YOUR TASK:
Reproduce the listing in full, exactly as written, but without images.

┏━━

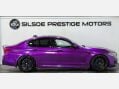 BMW 5 Series 4.4 M5 Competition Edition Auto 4WD 4dr 15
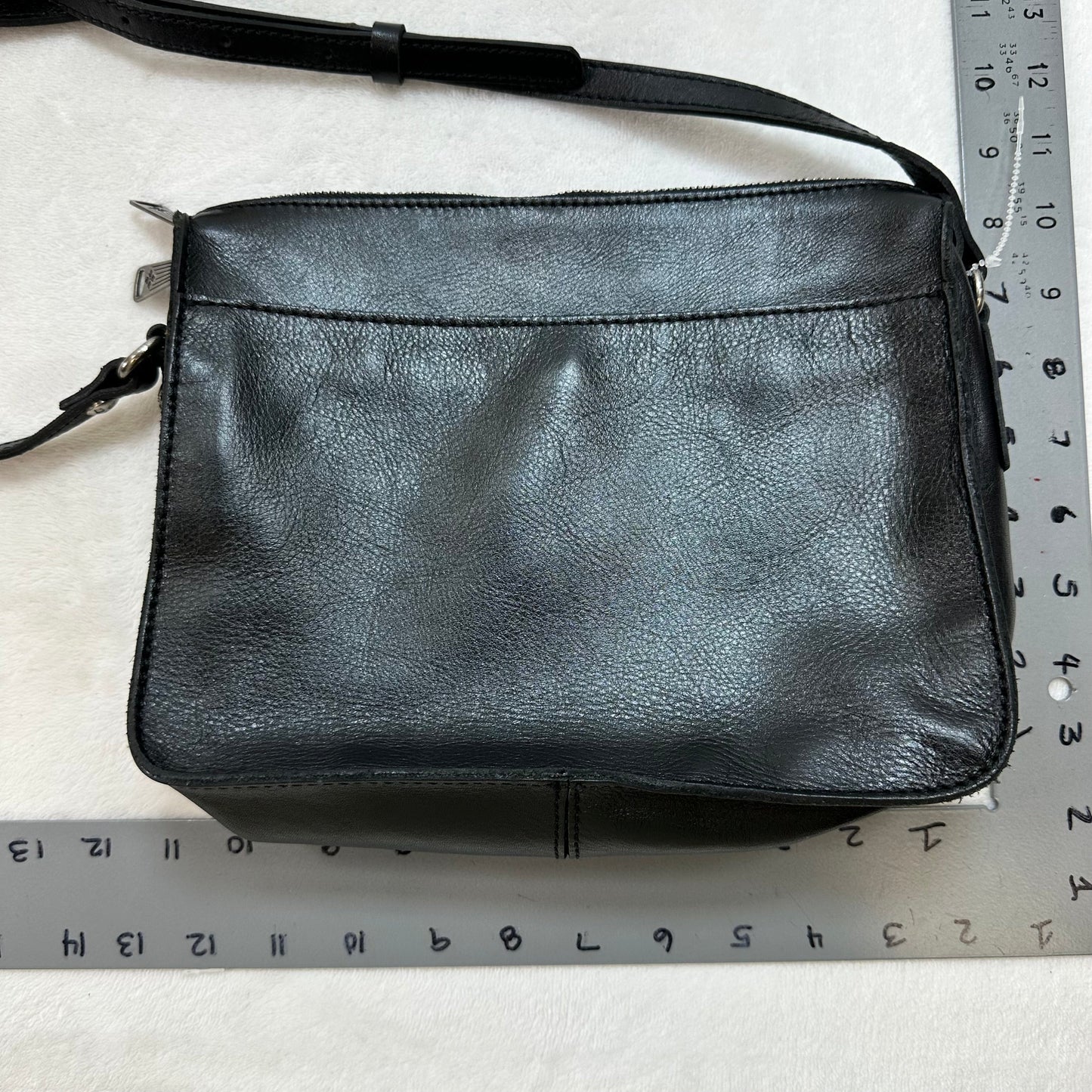 Crossbody Designer By Patricia Nash, Size: Small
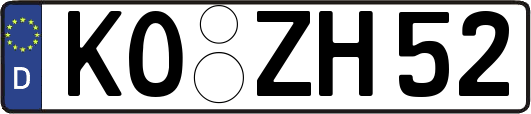 KO-ZH52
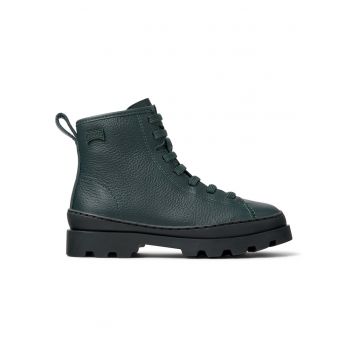 Ghete din piele Brutus 8517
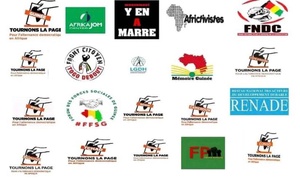 Brazzaville : 20 organisations de la société civile exigent justice après la découverte de six corps à Forécariah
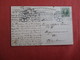 Aarhus   Denmark- Has Stamp & Cancel  Ref 3036 - Denmark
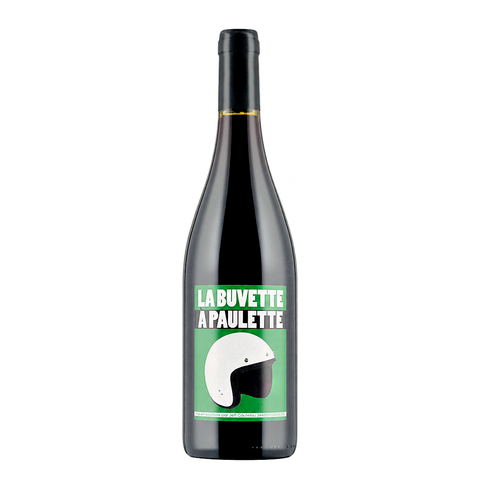 Mas Coutelou La Buvette à Paulette 2019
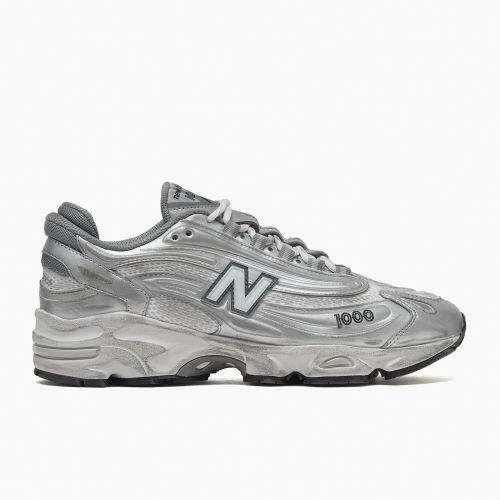 Tênis New Balance 1906A - Cinza M1906AG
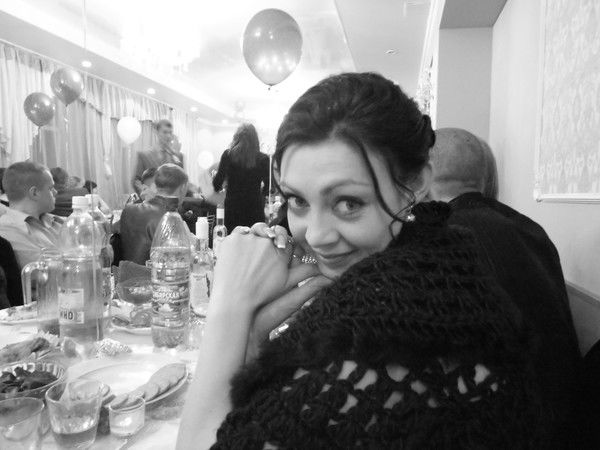 Алена Грамотеева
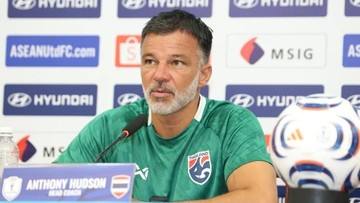 Final Piala AFF 2026: Thailand Tak Gentar Hadapi Vietnam di Hanoi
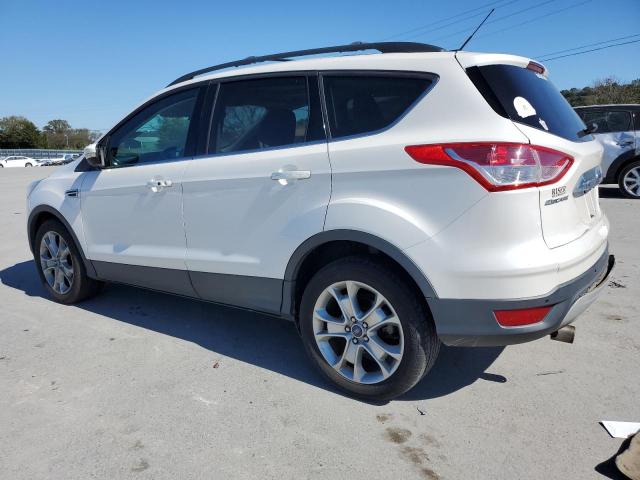 Photo 2 from auction – 2013 FORD ESCAPE SEL with VIN 1FMCU0H91DUB28682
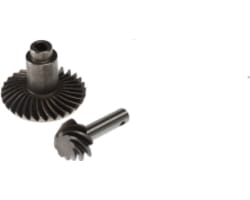 AX31530 AR44 Locker Bevel Gear Set 30T/8T photo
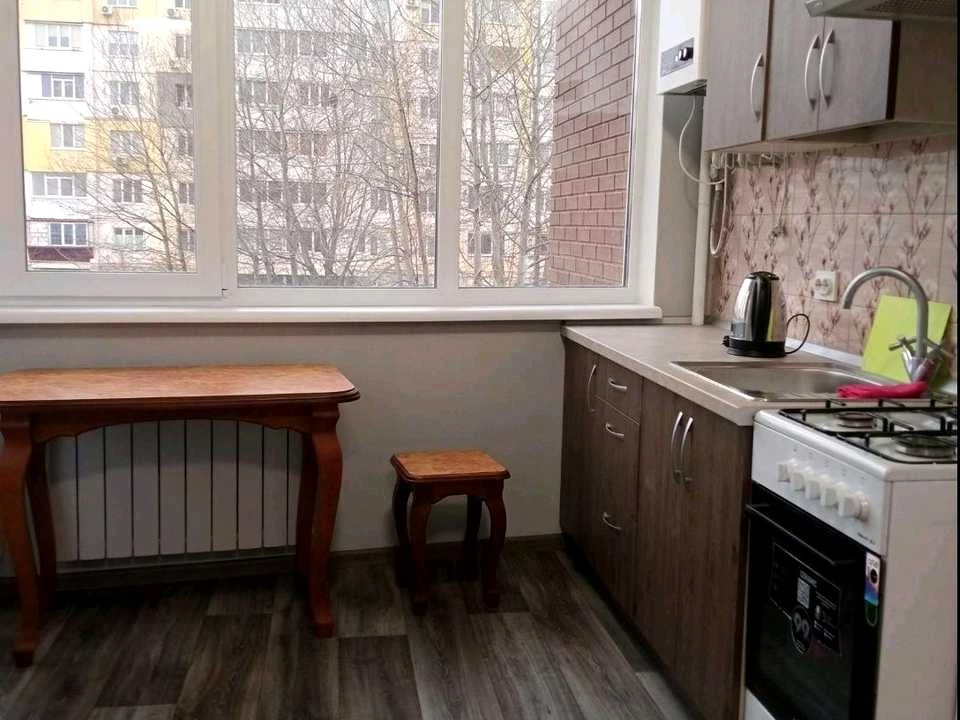 Квартира. Полтава, Геннадія Біліченка вул. (Петровського)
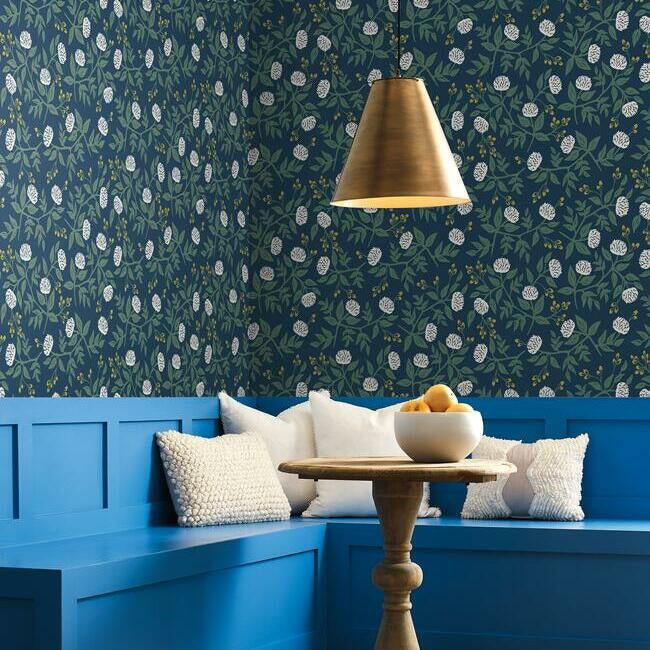 peonies-wallpaper-navy-york-wallcoverings-ri5149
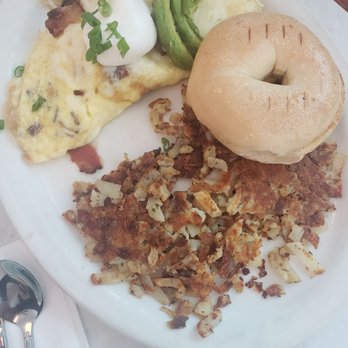 Rick's Cafe - Bacado! - American Near Me - Los Altos, California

┗━━

THE COMPLETED TASK:
 BMW 5 Series 4.4 M5 Competition Edition Auto 4WD 4dr 15
 Crossbody Designer By Patricia Nash, Size: Small
 KO-ZH52
 Ghete din piele Brutus 8517
 Brazzaville : 20 organisations de la société civile exigent justice après la découverte de six corps à Forécariah
 Aarhus   Denmark- Has Stamp & Cancel  Ref 3036 - Denmark
 Mas Coutelou La Buvette à Paulette 2019
 Tênis New Balance 1906A - Cinza M1906AG
 Алена Грамотеева
 Final Piala AFF 2026: Thailand Tak Gentar Hadapi Vietnam di Hanoi
 Photo 2 from auction – 2013 FORD ESCAPE SEL with VIN 1FMCU0H91DUB28682
 AX31530 AR44 Locker Bevel Gear Set 30T/8T photo
 Квартира. Полтава, Геннадія Біліченка вул. (Петровського)
 peonies-wallpaper-navy-york-wallcoverings-ri5149
 Rick's Cafe - Bacado! - American Near Me - Los Altos, California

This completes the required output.